=== Information supplied ===

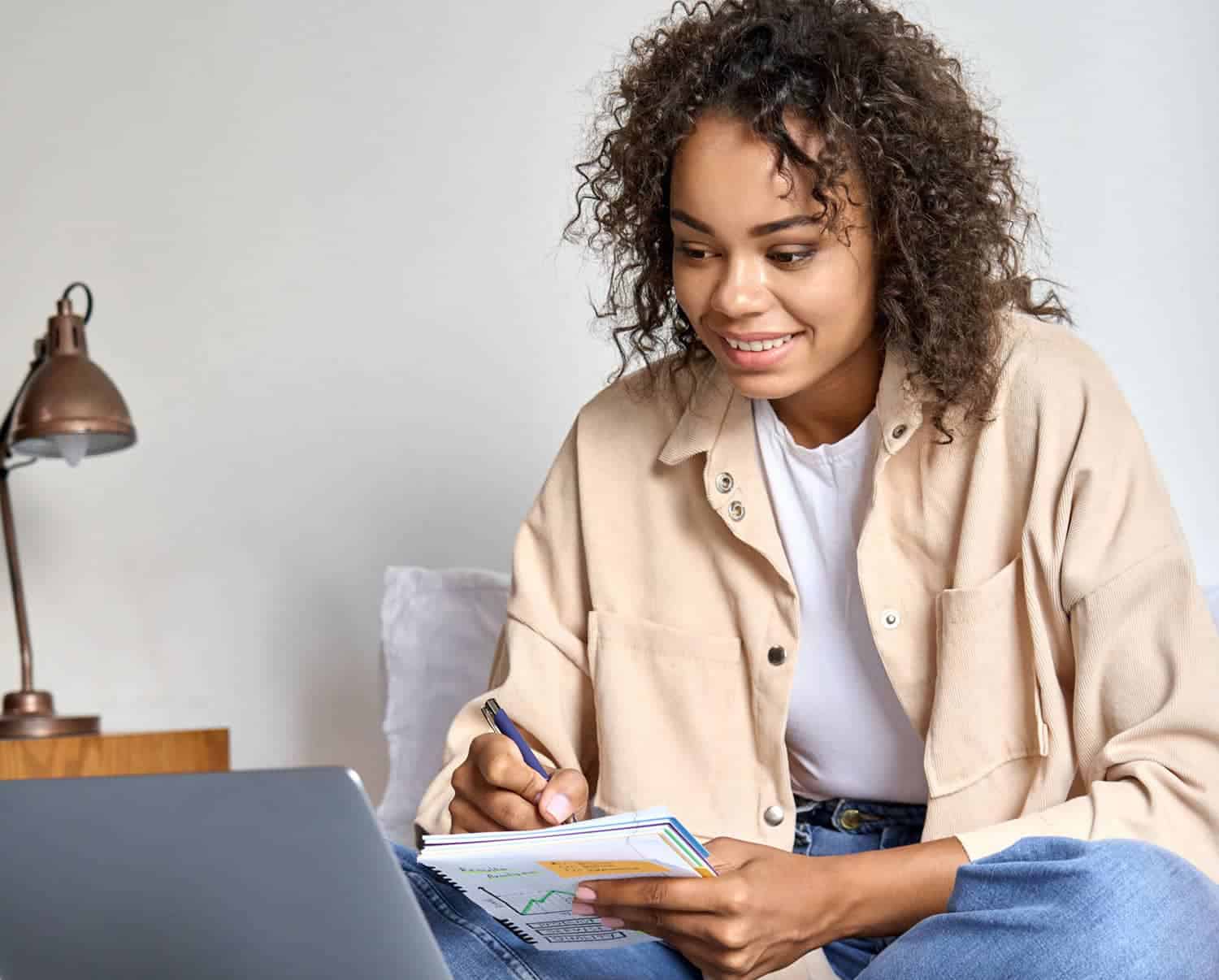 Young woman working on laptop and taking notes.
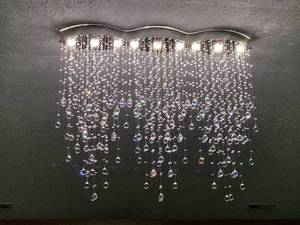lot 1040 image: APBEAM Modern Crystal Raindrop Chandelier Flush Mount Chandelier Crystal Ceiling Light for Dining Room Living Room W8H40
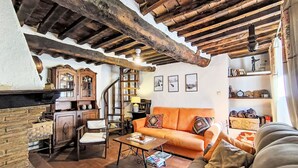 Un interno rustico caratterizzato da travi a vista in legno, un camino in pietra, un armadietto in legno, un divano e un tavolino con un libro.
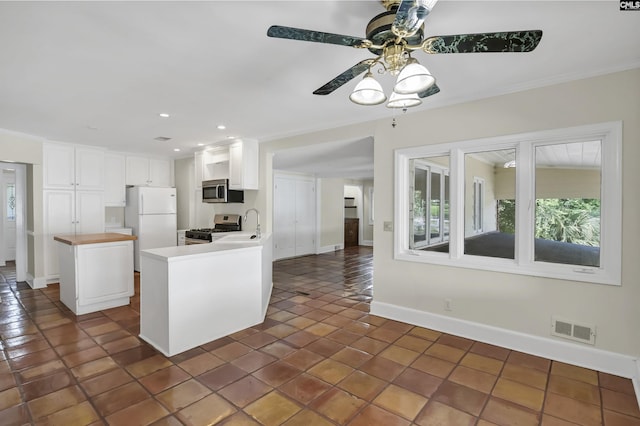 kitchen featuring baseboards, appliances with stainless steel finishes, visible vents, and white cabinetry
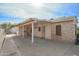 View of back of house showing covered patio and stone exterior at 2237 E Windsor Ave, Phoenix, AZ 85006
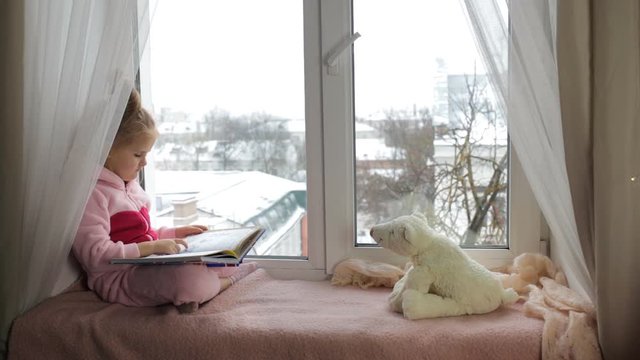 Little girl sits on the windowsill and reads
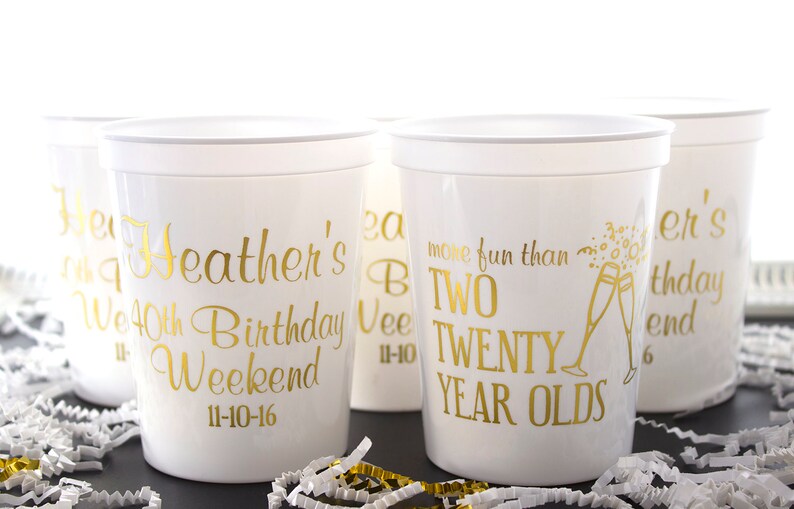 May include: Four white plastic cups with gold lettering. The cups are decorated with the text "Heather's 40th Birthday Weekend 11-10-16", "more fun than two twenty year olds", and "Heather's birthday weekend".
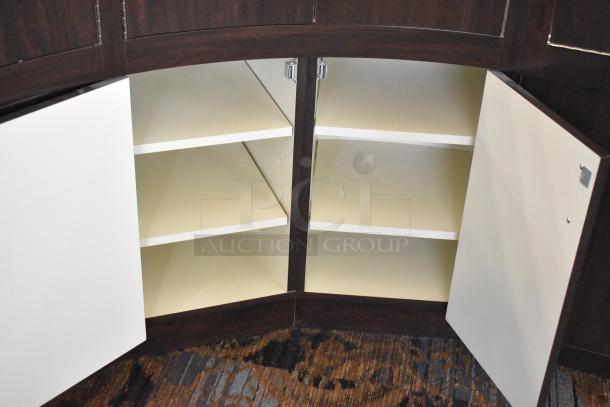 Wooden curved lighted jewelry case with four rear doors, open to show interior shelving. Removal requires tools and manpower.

===

What is required —
Working from the data above, repeat exactly, and only, the lines that begin at the line containing "lot 1040 image: APBEAM" and stop after the line containing "Un interno rustico"; pictures are not copied.

Answer to this task —
lot 1040 image: APBEAM Modern Crystal Raindrop Chandelier Flush Mount Chandelier Crystal Ceiling Light for Dining Room Living Room W8H40
 Un interno rustico caratterizzato da travi a vista in legno, un camino in pietra, un armadietto in legno, un divano e un tavolino con un libro.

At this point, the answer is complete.